What you are asked to do: Exclude the pictures and set down, unaltered, the lines from the one that holds "Bling Rhinestone Lucky" through the end of the data.

Supplied information:
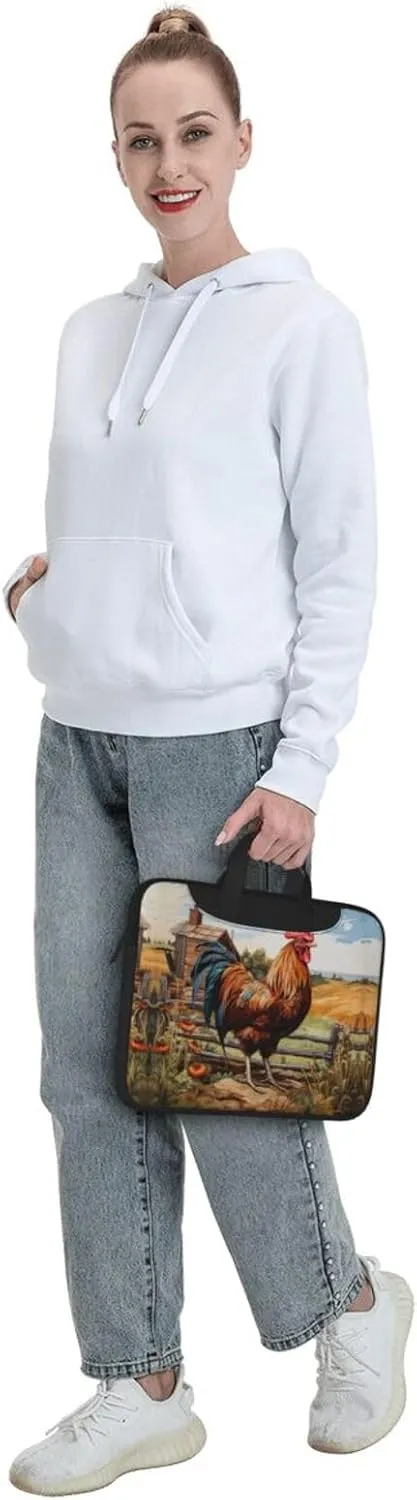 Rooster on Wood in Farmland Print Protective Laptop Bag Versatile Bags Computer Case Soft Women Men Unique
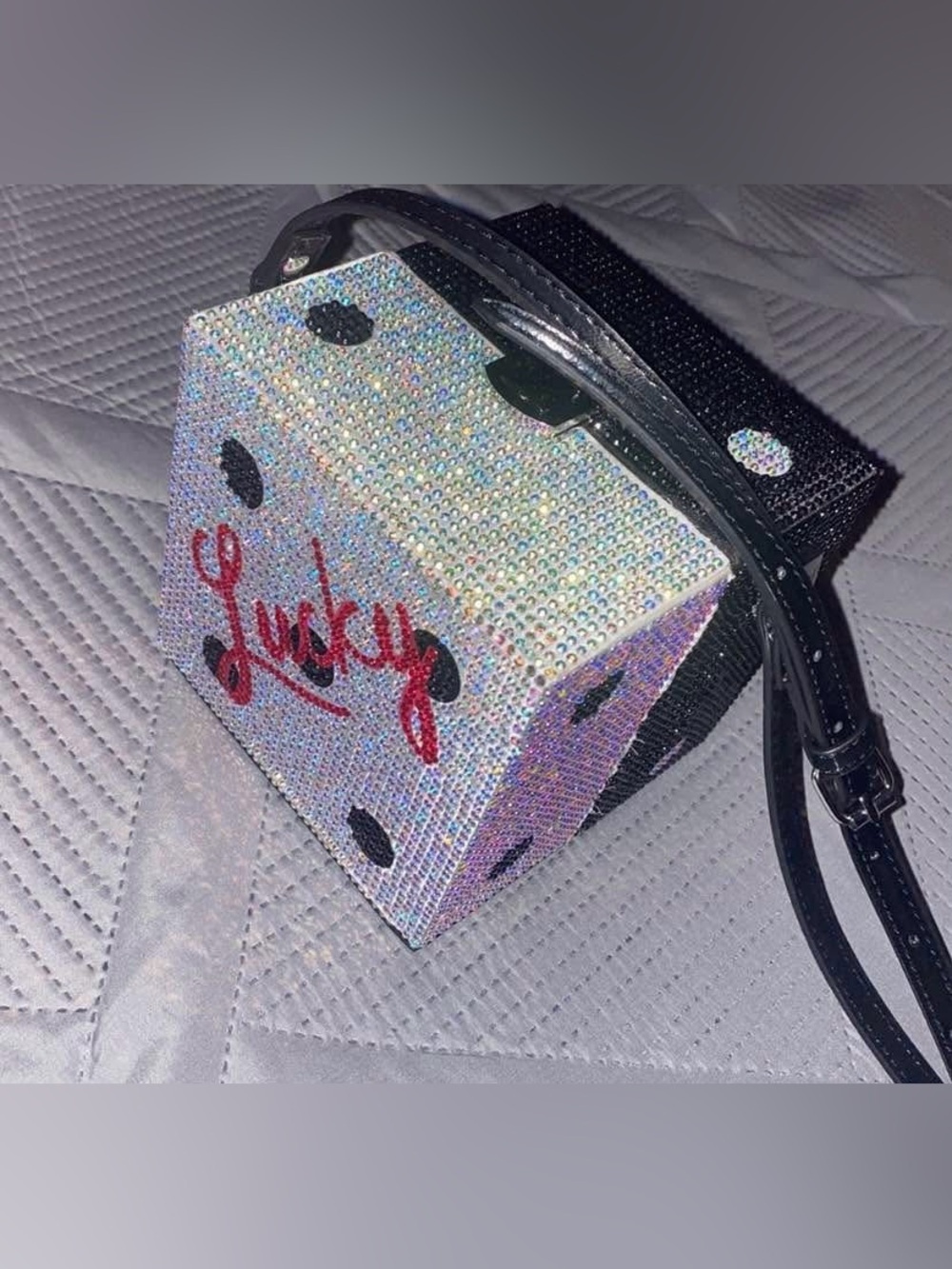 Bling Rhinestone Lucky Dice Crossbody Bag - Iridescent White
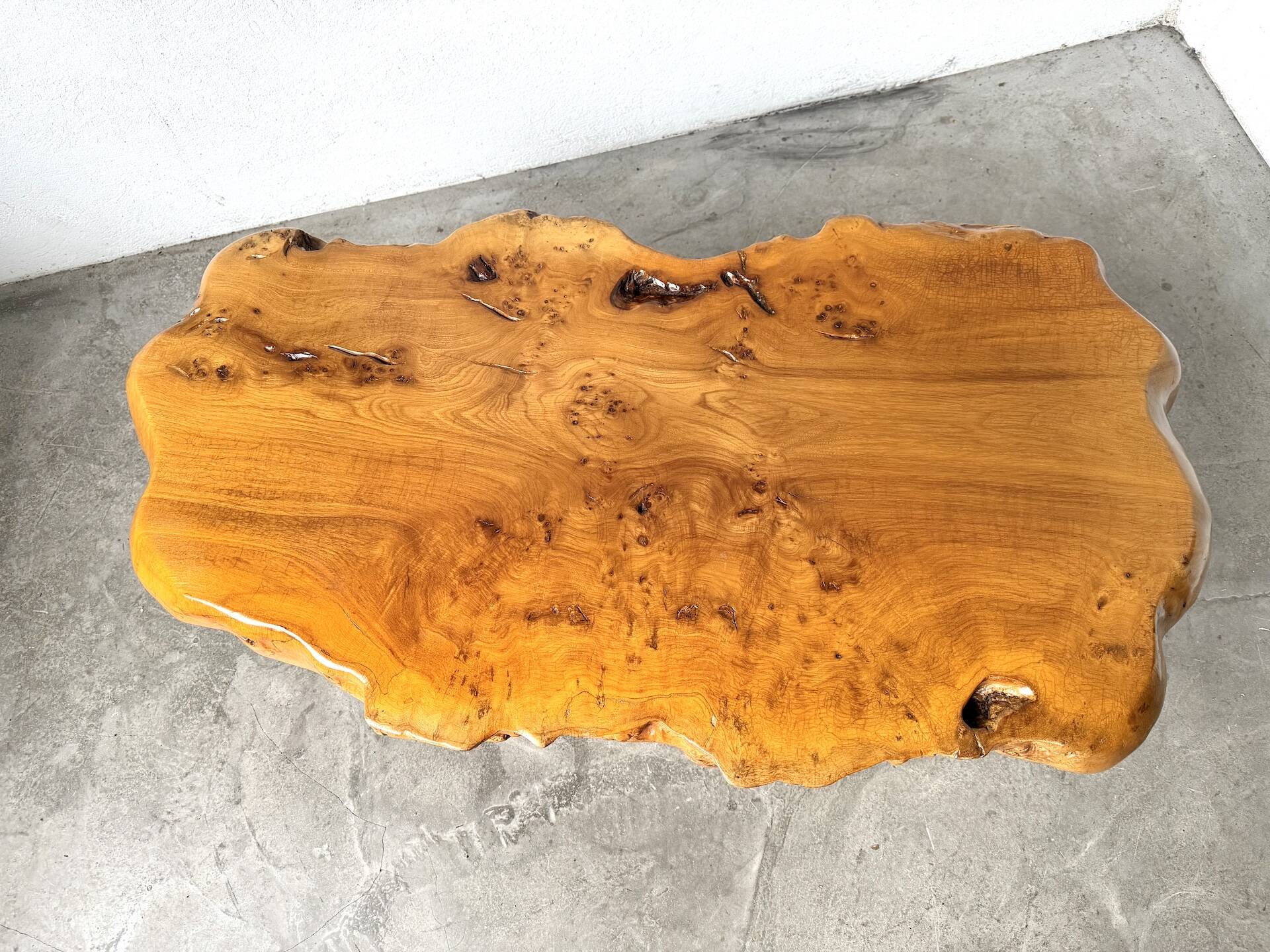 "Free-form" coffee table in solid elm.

Reply to the exercise:
 Bling Rhinestone Lucky Dice Crossbody Bag - Iridescent White
 "Free-form" coffee table in solid elm.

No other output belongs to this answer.